#### Task instructions
Once the pictures are set aside, copy the data below exactly as it stands.

#### Task material
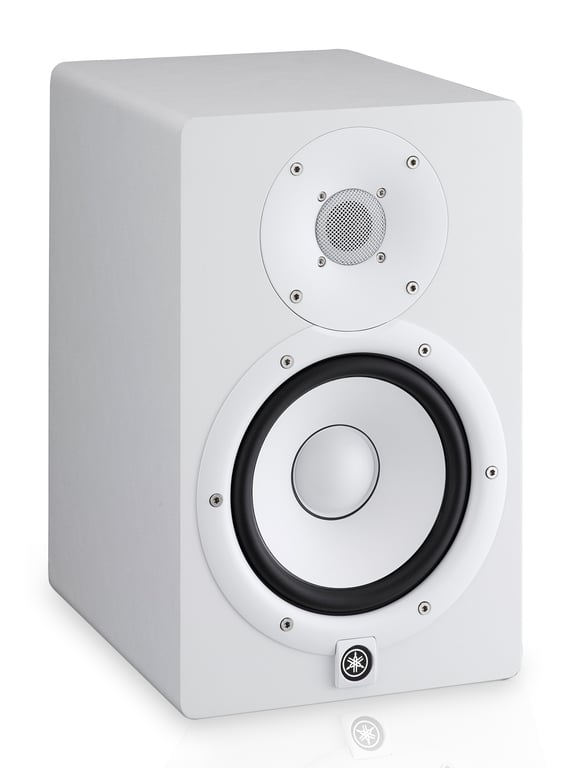 Фото Студійний монітор Yamaha HS7 White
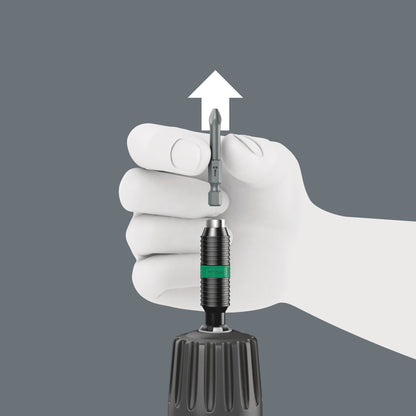 Wera 897/4 R SB Universal Bit Holder Rapidaptor BiTorsion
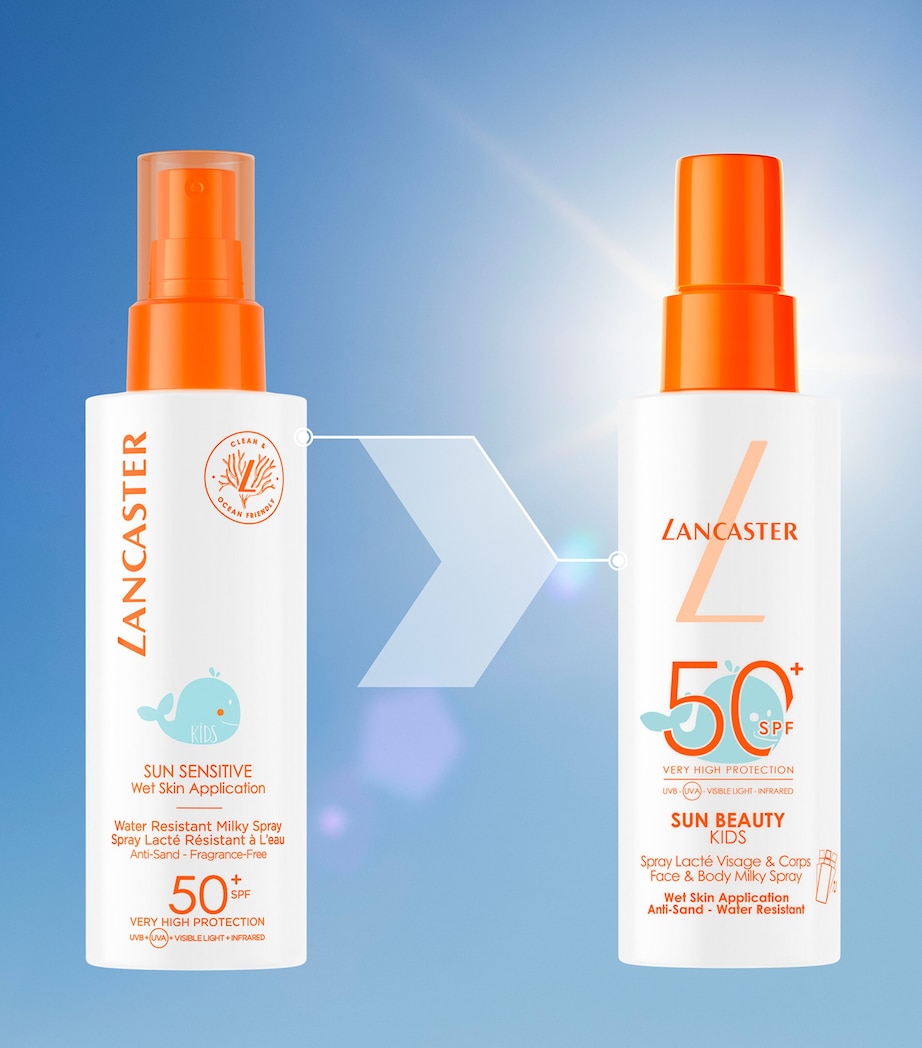 Sun Beauty Kids Milky Spray SPF50+ (150ml) NO COLOUR Image 5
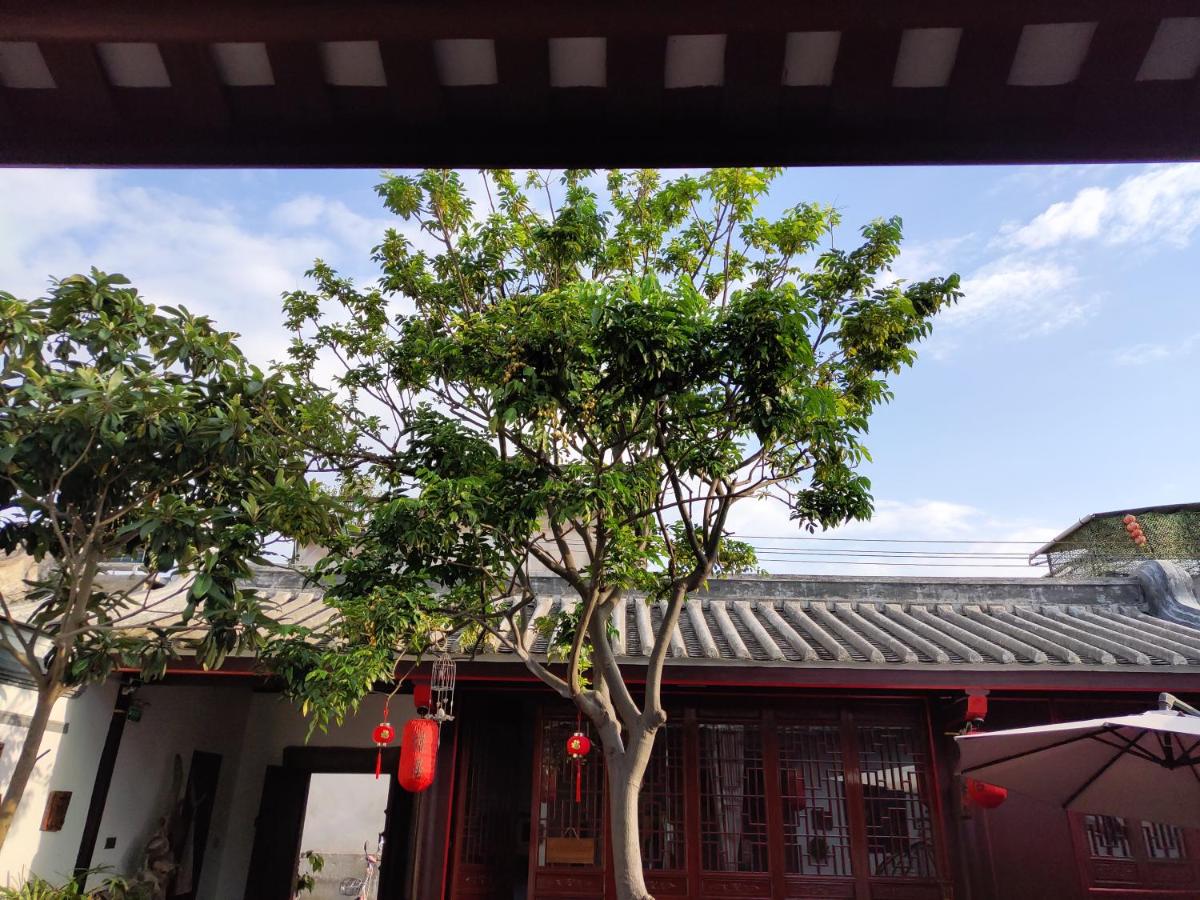 outdoor BBQ area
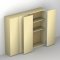 Hafele Central Hinge Applied 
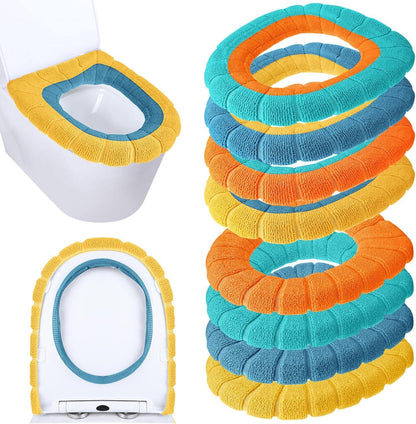 Thicker Bathroom Toilet Seat Cover Pads Soft Comfortable Toilet Seat Cushion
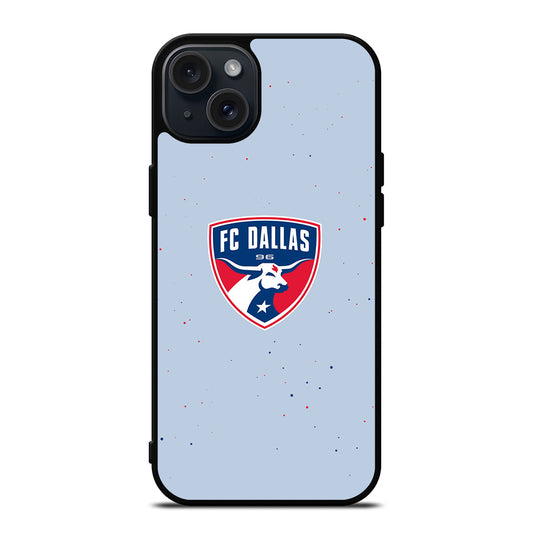 FC DALLAS LOGO 3 iPhone 15 Plus Case Cover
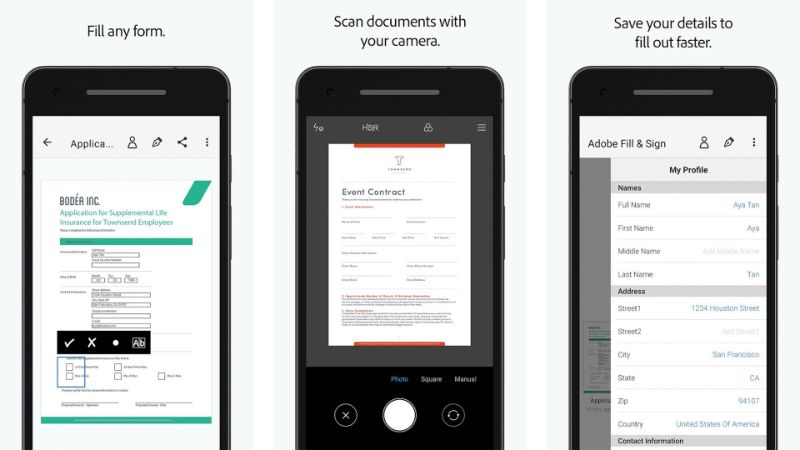 Adobe Fill & Sign for Android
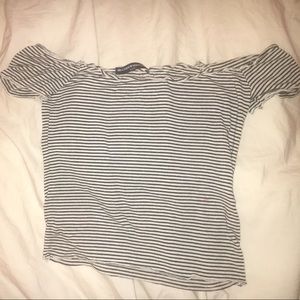 Brandy Melville off-the-shoulder top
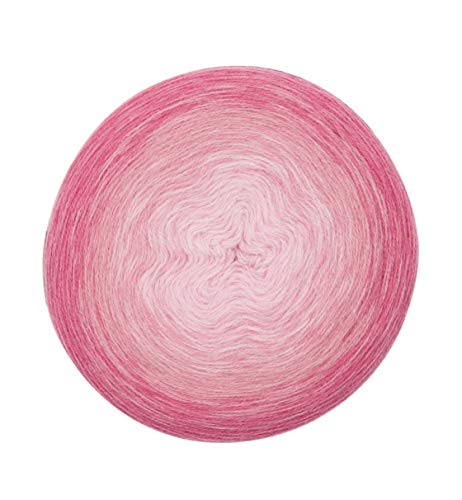 Rico Creative Lana Dégradé, 200g - pinkton, Pink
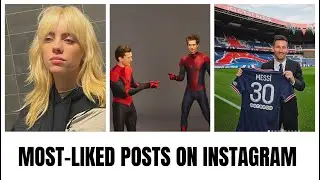 top 10 most-liked posts on Instagram 2022!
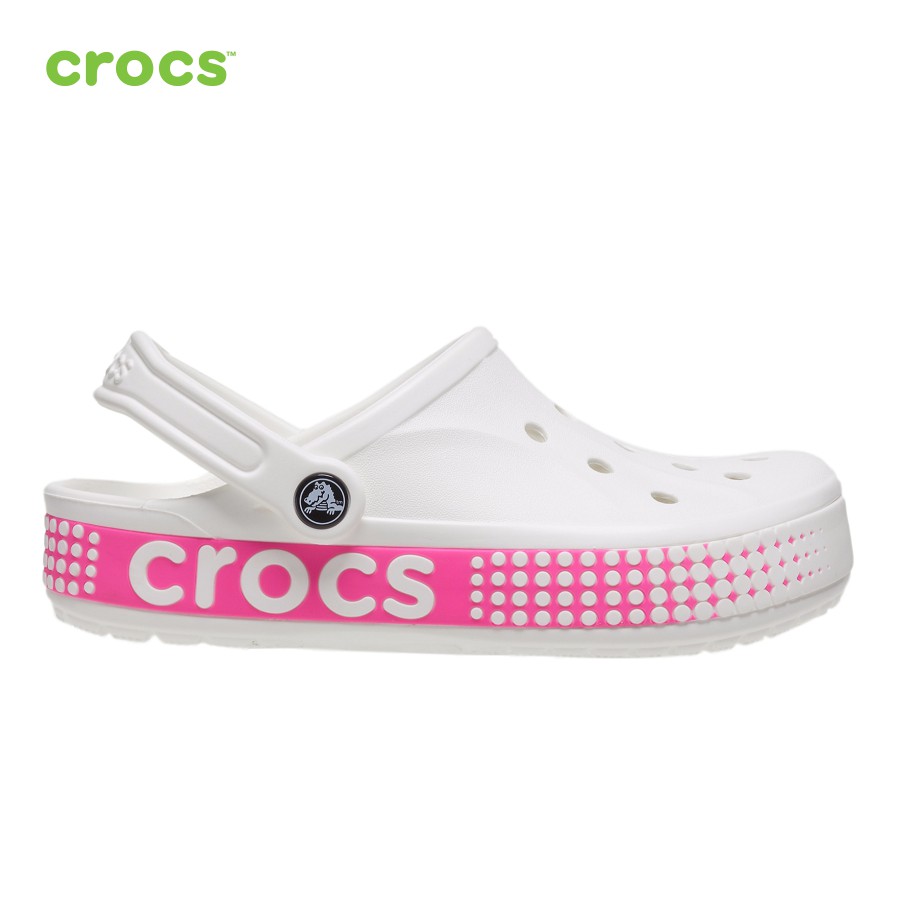 Giày lười clog unisex CROCS Bayaband 206852-100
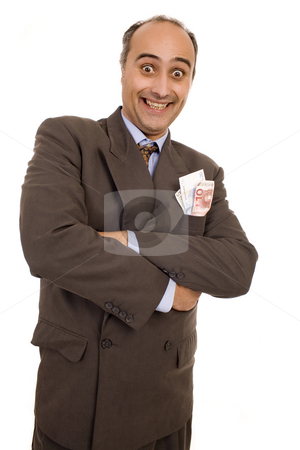 To use this stock image in your creative project, please select the size you need over to the right and click the "Add to Cart" button.
Your downloaded image will come with the Cutcaster watermark removed so don’t worry about the watermark you see on this page. Man stock photo, Business young man shappy rich white isoalte by Marc Torrell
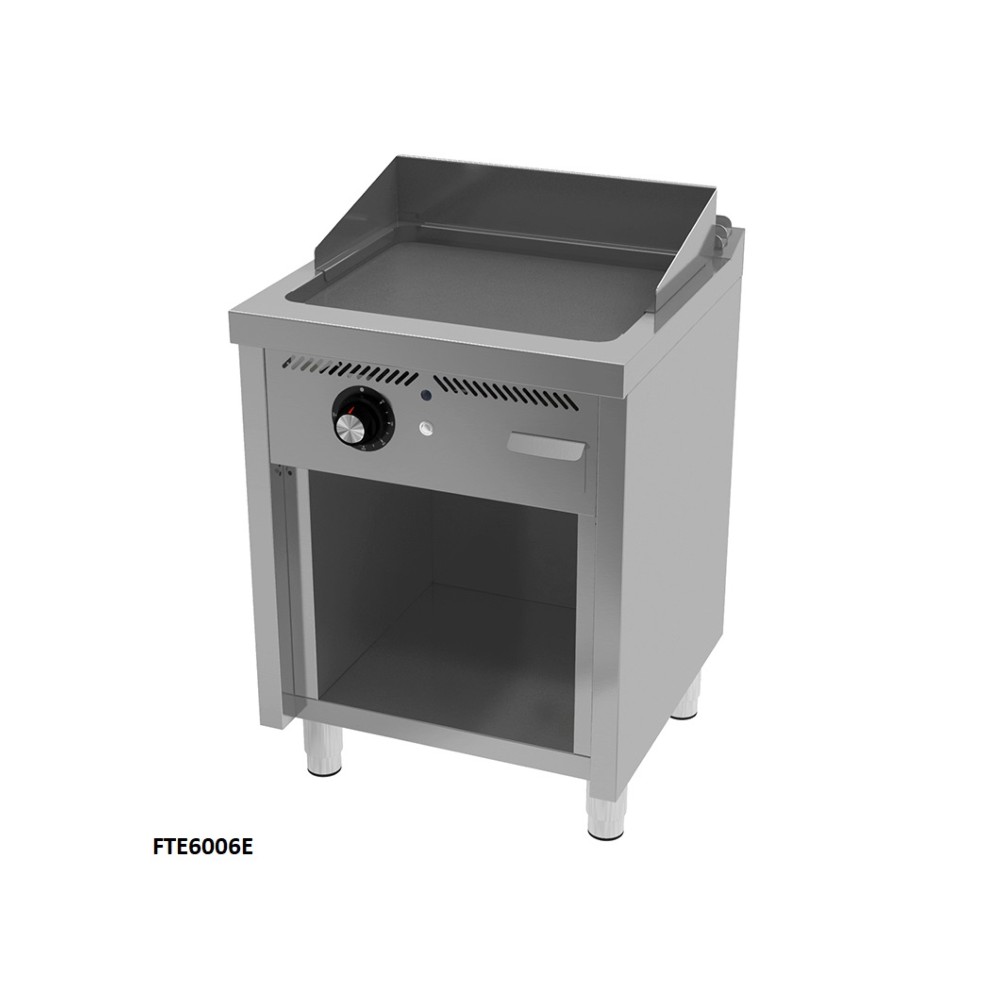 frytop electrico con soporte serie 600 hr fainca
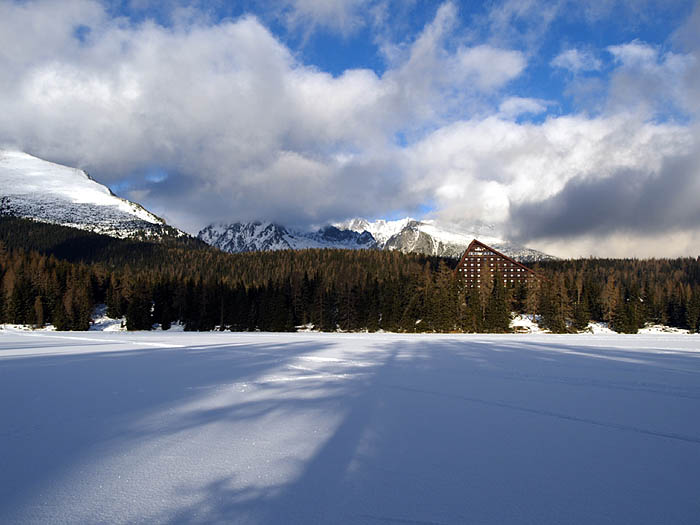 Strbske pleso, Vysoke Tatry.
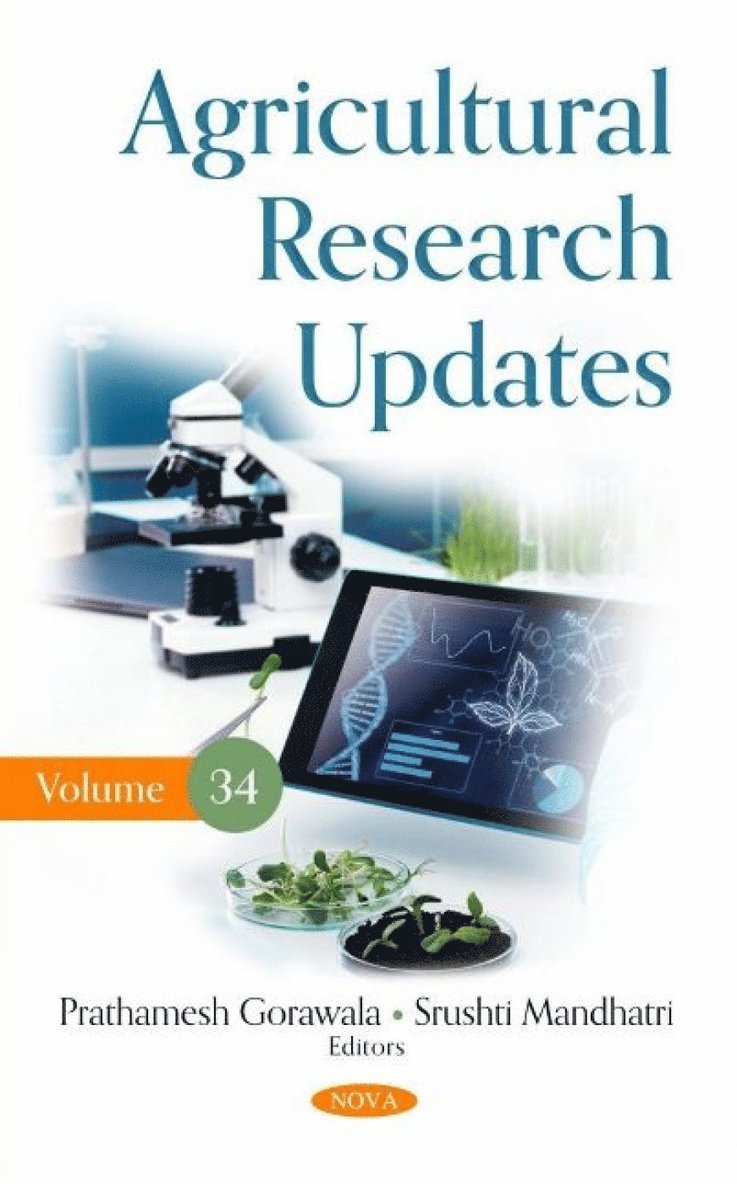 Prathamesh Gorawala - Agricultural Research Updates, Inbunden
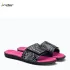 Черни дамски чехли RIDER 83331/AD447 BLACK/PINK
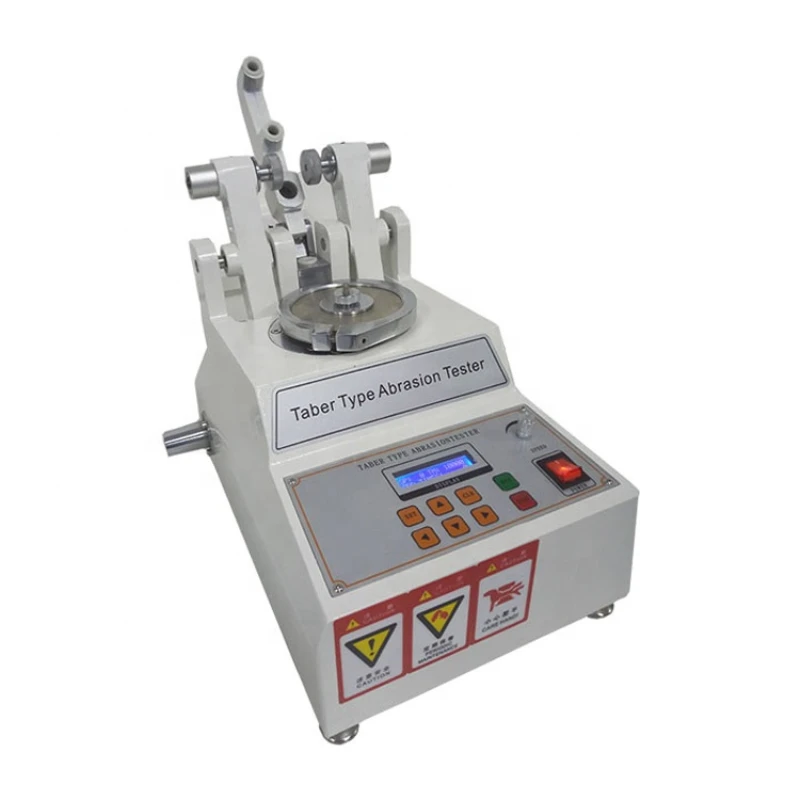 Electronic Automatic Laboratory Taber Abrasion Testing Equipment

#### Answer section
 Фото Студійний монітор Yamaha HS7 White
 Wera 897/4 R SB Universal Bit Holder Rapidaptor BiTorsion
 Sun Beauty Kids Milky Spray SPF50+ (150ml) NO COLOUR Image 5
 outdoor BBQ area
 Hafele Central Hinge Applied 
 Thicker Bathroom Toilet Seat Cover Pads Soft Comfortable Toilet Seat Cushion
 FC DALLAS LOGO 3 iPhone 15 Plus Case Cover
 Adobe Fill & Sign for Android
 Brandy Melville off-the-shoulder top
 Rico Creative Lana Dégradé, 200g - pinkton, Pink
 top 10 most-liked posts on Instagram 2022!
 Giày lười clog unisex CROCS Bayaband 206852-100
 To use this stock image in your creative project, please select the size you need over to the right and click the "Add to Cart" button.
Your downloaded image will come with the Cutcaster watermark removed so don’t worry about the watermark you see on this page. Man stock photo, Business young man shappy rich white isoalte by Marc Torrell
 frytop electrico con soporte serie 600 hr fainca
 Strbske pleso, Vysoke Tatry.
 Prathamesh Gorawala - Agricultural Research Updates, Inbunden
 Черни дамски чехли RIDER 83331/AD447 BLACK/PINK
 Electronic Automatic Laboratory Taber Abrasion Testing Equipment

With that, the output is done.